Dios dona amor, Dios pide amor. Esta es la raíz mística de toda la vida
creyente. Los primeros cristianos en oración, pero también nosotros que
venimos varios siglos después, vivimos todos la misma experiencia. El
Espíritu anima todo. Y todo cristiano que no tiene miedo de dedicar tiempo a
la oración puede hacer propias las palabras del apóstol Pablo: «La vida que
vivo al presente en la carne, la vivo en la fe del Hijo de Dios que me amó y
se entregó a sí mismo por mí» (Gal 2, 20). La oración te hace consciente de
esto. Solo en el silencio de la adoración se experimenta toda la verdad de
estas palabras. Tenemos que retomar el sentido de la adoración. Adorar,
adorar a Dios, adorar a Jesús, adorar al Espíritu. El Padre, el Hijo y el
Espíritu: adorar. En silencio. La oración de la adoración es la oración que
nos hace reconocer a Dios como principio y fin de toda la historia. Y esta
oración es el fuego vivo del Espíritu que da fuerza al testimonio y a la
misión. Gracias.
Saludos:
Saludo cordialmente a los fieles de lengua española. El próximo domingo
iniciará el Adviento, tiempo litúrgico que nos ayuda a prepararnos para la
Navidad. Los animo, por lo tanto, a dedicar momentos a la oración, meditando
a la luz de la Palabra de Dios, para que el Espíritu Santo que la habita
vaya iluminando el camino a seguir y transformando el corazón, en la espera
del Nacimiento de Nuestro Señor Jesucristo. Que Dios los bendiga.
Resumen leído por el Santo Padre en español
Queridos hermanos y hermanas:
En esta catequesis reflexionamos sobre la oración en las primeras
comunidades cristianas. Encontramos en el libro de los Hechos de los
Apóstoles y en otros escritos apostólicos cuatro características esenciales
de la vida de la Iglesia: la escucha de la predicación de los apóstoles, la
comunión recíproca, la fracción del pan y la oración.
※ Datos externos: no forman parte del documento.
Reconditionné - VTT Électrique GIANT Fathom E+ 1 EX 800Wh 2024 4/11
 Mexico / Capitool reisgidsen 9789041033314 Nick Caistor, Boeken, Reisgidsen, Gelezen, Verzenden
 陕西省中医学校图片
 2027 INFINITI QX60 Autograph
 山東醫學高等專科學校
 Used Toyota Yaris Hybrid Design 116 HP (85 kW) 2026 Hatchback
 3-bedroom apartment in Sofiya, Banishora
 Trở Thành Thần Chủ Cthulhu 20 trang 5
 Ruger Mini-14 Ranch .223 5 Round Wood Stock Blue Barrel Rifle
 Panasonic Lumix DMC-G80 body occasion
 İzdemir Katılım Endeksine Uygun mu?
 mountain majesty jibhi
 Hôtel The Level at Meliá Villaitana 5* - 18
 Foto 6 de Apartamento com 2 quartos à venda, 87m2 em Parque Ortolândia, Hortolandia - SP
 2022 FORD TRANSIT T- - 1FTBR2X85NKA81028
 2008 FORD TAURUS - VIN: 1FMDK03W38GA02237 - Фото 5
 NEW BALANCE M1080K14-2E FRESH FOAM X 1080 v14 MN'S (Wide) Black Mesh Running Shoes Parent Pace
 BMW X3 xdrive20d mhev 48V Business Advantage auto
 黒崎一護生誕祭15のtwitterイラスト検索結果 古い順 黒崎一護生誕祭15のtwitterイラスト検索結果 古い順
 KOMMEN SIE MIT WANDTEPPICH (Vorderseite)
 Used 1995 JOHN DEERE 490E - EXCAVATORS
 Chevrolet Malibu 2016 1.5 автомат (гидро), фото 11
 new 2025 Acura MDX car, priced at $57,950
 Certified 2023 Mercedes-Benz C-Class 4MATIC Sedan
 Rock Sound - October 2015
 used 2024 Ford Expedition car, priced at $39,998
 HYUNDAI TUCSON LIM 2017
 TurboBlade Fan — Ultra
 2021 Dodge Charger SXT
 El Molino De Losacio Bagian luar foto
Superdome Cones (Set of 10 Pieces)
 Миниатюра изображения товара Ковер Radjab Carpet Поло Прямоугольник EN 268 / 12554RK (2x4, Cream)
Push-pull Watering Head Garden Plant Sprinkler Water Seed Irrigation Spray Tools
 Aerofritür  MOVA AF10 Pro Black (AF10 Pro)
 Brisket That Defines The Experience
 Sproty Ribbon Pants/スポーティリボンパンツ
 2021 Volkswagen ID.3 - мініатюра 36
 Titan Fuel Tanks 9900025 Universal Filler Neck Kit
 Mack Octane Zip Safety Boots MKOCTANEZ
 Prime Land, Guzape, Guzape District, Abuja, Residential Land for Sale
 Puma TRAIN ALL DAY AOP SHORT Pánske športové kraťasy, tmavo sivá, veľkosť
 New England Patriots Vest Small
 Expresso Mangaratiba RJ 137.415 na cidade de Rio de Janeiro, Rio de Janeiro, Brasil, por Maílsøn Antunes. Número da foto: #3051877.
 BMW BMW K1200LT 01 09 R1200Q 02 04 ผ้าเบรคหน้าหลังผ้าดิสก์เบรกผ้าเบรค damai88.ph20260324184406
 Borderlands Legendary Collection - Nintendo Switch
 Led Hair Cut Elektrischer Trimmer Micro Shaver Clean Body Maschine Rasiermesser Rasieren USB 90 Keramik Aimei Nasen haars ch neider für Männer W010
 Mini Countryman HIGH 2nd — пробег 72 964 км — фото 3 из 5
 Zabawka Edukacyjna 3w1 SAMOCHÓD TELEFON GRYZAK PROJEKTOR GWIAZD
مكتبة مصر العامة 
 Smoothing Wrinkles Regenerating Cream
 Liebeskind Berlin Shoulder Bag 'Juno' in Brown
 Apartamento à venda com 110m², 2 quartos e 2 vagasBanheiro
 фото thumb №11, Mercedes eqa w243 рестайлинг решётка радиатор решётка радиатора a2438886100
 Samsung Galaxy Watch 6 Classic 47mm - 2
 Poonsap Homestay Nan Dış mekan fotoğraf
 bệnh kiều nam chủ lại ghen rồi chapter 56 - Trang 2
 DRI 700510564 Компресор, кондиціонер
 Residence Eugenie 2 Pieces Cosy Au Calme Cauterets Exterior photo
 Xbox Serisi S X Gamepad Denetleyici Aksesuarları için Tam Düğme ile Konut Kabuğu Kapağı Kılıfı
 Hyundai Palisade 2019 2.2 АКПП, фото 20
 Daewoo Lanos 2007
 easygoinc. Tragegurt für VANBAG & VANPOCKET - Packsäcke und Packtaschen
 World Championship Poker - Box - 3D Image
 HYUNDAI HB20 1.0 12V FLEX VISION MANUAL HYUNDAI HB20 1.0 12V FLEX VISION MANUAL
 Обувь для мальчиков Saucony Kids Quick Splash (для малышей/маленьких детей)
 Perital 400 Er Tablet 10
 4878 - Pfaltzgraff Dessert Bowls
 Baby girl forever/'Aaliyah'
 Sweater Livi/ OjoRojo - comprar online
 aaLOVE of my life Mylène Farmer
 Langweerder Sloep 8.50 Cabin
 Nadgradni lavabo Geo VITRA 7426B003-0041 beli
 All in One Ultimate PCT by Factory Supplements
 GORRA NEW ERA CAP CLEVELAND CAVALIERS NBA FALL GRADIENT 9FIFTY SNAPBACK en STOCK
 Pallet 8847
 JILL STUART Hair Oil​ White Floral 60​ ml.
Estas cuatro “coordenadas” nos recuerdan que la existencia de la Iglesia
tiene sentido si permanece unida a Cristo. Todo lo que crece fuera de esto
carece de fundamento, es como una casa que se construye sobre arena. Los
primeros cristianos experimentaron que la oración es el espacio del diálogo
con el Padre, mediante Cristo en el Espíritu Santo y descubrieron que el
encuentro con Jesús no era algo histórico, sino que continúa en la propia
vida, infunde paz, luz y calor a la existencia y es el motor de la
evangelización.
La vida de la Iglesia, desde los comienzos, está marcada por celebraciones,
reuniones y momentos de oración personal y comunitaria. En los encuentros de
oración, los cristianos se sumergen en el misterio de Dios —que da amor y
pide amor—, y hallan en Él el fundamento y el impulso para la acción
misionera. Esta es la raíz mística de toda la vida del creyente.